Formerly the West Coast Regional Director for The Veritas Forum, Carreon’s resume and work experiences are extensive. She graduated with a BA in English, Psychology, and Political Science from Purdue University, with further visiting studies at Oxford University. She earned an MA in Apologetics and MA in Counseling from Luther Rice University and Seminary, specializing in the Problem of Evil and Suffering. Currently, she’s studying for a Master’s of Dispute Resolution from the Straus Institute in Pepperdine University’s School of Law. In the past decade, she worked in a wide range of capacities, from humanitarian project management, social work, crisis counseling, and human rights research, to itinerant speaking, academy moderation, and organizational liaisonship.
In 2015, Carreon developed and co-facilitated a comparative worldviews course, “Faith and Reasons,” at Berkeley. For three years, she worked with students across academic disciplines, and across the faith spectrum, to start an accredited course through the college’s Democratic Education Program.

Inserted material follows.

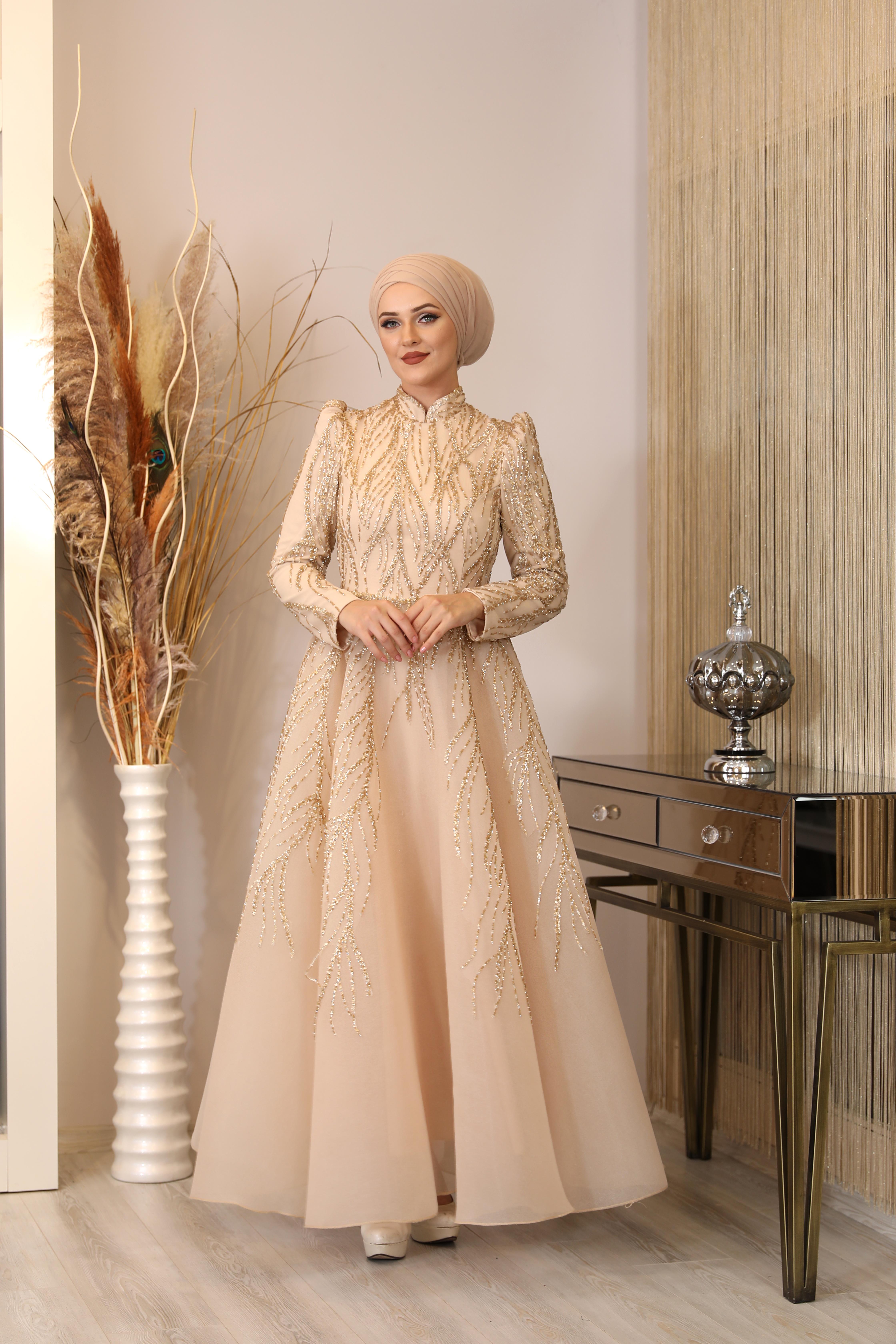 Prinzessin Abendkleid Mit Front Applique Detail Hinten Schnürung-Beige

“Students were crazy about having content presented that challenged them to think about what they believe and why they believe it, and to hear from professors and peers and ministers who demonstrated the balance, rather than contradiction, between faith and reasoning,” she said.
Carreon is currently working with some students to re-launch the course in fall 2020 at Berkeley. Additionally, she designs and leads workshops addressing philosophies of human flourishing and mental health at Stanford alongside her husband, Dr. David Carreon.
With Caritas, Abigail Carreon served as a volunteer last spring before being hired as a ministry fellow in the summer. She has enjoyed the opportunity to develop relationships with students. “Being able to delve into weekly coffee sessions and Bible study, going on pre-retreat and Freshmen Fall retreat, and grabbing deep dish pizza with everyone with CU Caritas has been amazing!” she said.
One of the highlights of the fall semester, she said, was a four-hour discussion after a Bible course.
“Four of us examined the nuances of sovereignty and free will, and searched the Scriptures along the way,” she said.
Carreon pointed out the progress of two young women in her Bible courses. Rachel, a sophomore who serves as an assistant Bible course leader, credited Caritas with empowering her as a leader.
“Rachel has a way of making everyone feel welcome, has a heart eager to learn the Word, and encourages the focus to be on spiritual topics, while doing so humbly and naturally,” Carreon said. “She’s growing in boldness and demonstrates faithfulness.”
Bailey, a freshman who is studying theatre, has impressed Carreon with her engaging nature.
“Many of her friends outside of Caritas are not believers, so she’s working alongside me, through through Caritas and Veritas Forum projects, to lead and launch conversations among friends about faith and art,” she said.
Garrett Brown, Christian Union Caritas’ ministry director, said Carreon’s natural exuberance, mixed with her depth of knowledge, “has already made a great impact on our ministry at Stanford.”
“With Abigail joining our team part-time, we have been able to double our efforts meeting with and serving female students. For the past couple of years, my wife Susan has done an above-and-beyond job as a volunteer, but with Abigail and Susan working together, we’ve been able to add more Bible courses, and give the women the same amount of individual discipling effort that the guys get.”
Additionally, having someone on the Caritas faculty with Carreon’s background with Veritas “gives us a natural partnership with a very vital ministry on campus and great opportunity for us to look ahead at some joint outreach events,” Brown said.
Whether it is with Caritas or Veritas, or joint efforts of the two ministries, Carreon is poised to lead with a listening ear.
“Interestingly, many of the hardest questions overlap between groups of believers and nonbelievers,” she said. “There’s never a lack of need for patience, intellectual preparedness and humility, and a heart of compassion to serve students in the formative years in which we get to have an impact.”